In Rwanda, the horrific slaughter was a response to an invasion by Tutsi forces from neighboring Uganda and the assassination of the country’s president.  The context was invasion and civil war.

The Cambodian slaughter was certainly not the fault of “national sovereignty”.  Indeed, it was precisely the direct result of the U.S. violation of Cambodia’s national sovereignty. Years of secret U.S. bombing of the Cambodian countryside, followed by a U.S.-engineered overthrow of the Cambodian government, opened the way for takeover of that country by embittered Khmer Rouge fighters who took out their resentment against the devastation of rural areas on the hapless urban population, considered accomplices of their enemies. The Khmer Rouge slaughters took place after the United States had been defeated in Indochina by the Vietnamese.  When, after being provoked by armed incursions, the Vietnamese intervened to overthrow the Khmer Rouge, they were condemned in the United Nations by the United States for doing so.

Some of the bloodiest events do not make it to Ms.

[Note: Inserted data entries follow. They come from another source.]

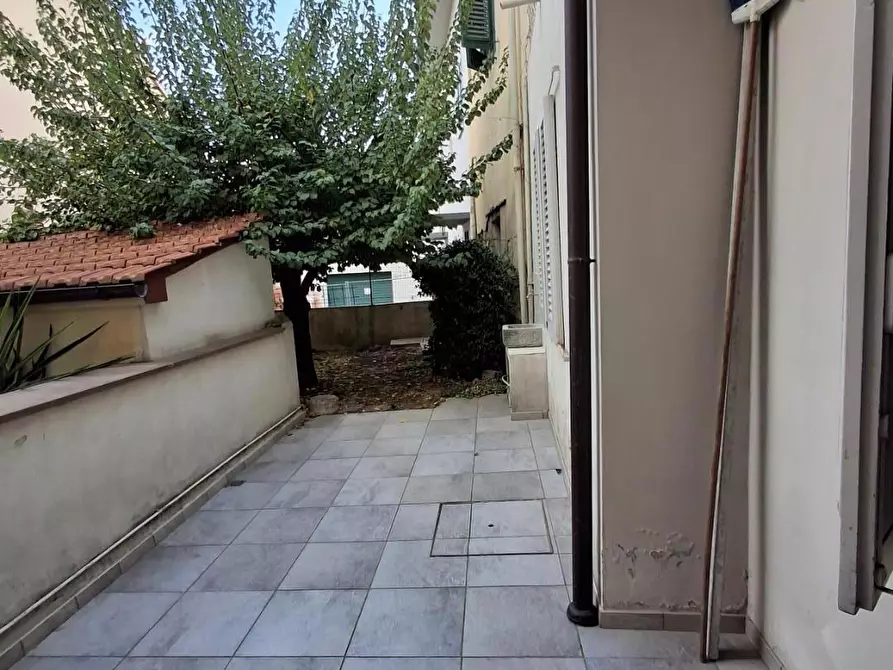 Immagine 8 di Terratetto in vendita  a Capraia E Limite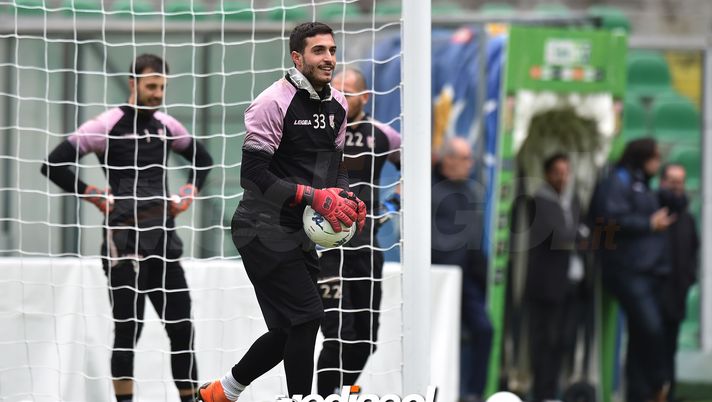 PALERMO, ITALY - MARCH 28: Fabrizio Alastra in action during a training session at Stadio Renzo Barbera on March 28, 2019 in Palermo, Italy. (Photo by Tullio M. Puglia/Getty Images)  PALERMO, ITALY - MARCH 28: Fabrizio Alastra in action during a training session at Stadio Renzo Barbera on March 28, 2019 in Palermo, Italy. (Photo by Tullio M. Puglia/Getty Images)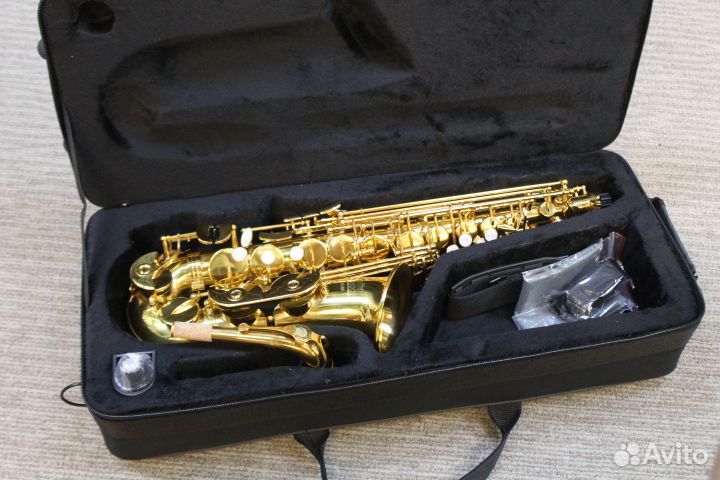 Саксофон альт Roy Benson AS-302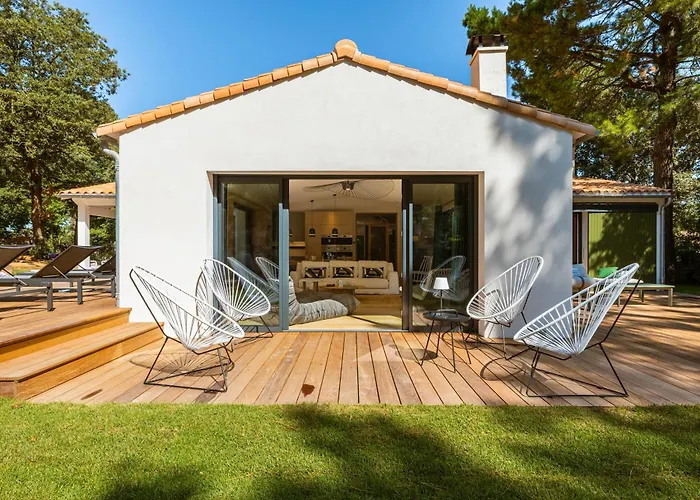 Evasion Familiale Avec Piscine & A 200m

Kennedy’s “genocide” list.  Missing is the killing of over half a million members of the Indonesian Communist Party in 1965 and 1966. But the dictator responsible, Suharto, was “a friend of the United States” and the victims were communists.

But while ignoring over half a million murdered Indonesians, she includes Bosnia on her list.  In that case, the highest estimate of victims was 8,000, all men of military age.  Indeed, the NATO-linked International Criminal Tribunal (ICTY) has ruled that the 1995 Srebrenica massacre was “genocide”.   To arrive at this verdict, despite the fact that the alleged perpetrators spared women and children, the ICTY found a sociologist who claimed that since the Muslim community of Srebrenica was a patriarchy, murdering the menfolk amounted to “genocide” in a single town, since the women would not return without the men.  This far-fetched judgment was necessary to preserve “Bosnia” as Exhibit A in the case for NATO military intervention.

It is generally overlooked that Srebrenica was a garrison town where the Muslim men in 1995 were not all natives of that originally multi-ethnic town and had been carrying out attacks on surrounding Serb villages.  Nor have Western media given much attention to the testimony by Srebrenica Muslim leaders of having heard the Islamist party leader, Alija Izetbegovic, confide that President Clinton had said that a massacre of at least 5,000 Muslims was needed to bring the “international community” into the Bosnian civil war on the side of the Muslims.  Those Muslim leaders believe that Izetbegovic deliberately left Srebrenica undefended in order to set up a massacre by vengeful Serbs.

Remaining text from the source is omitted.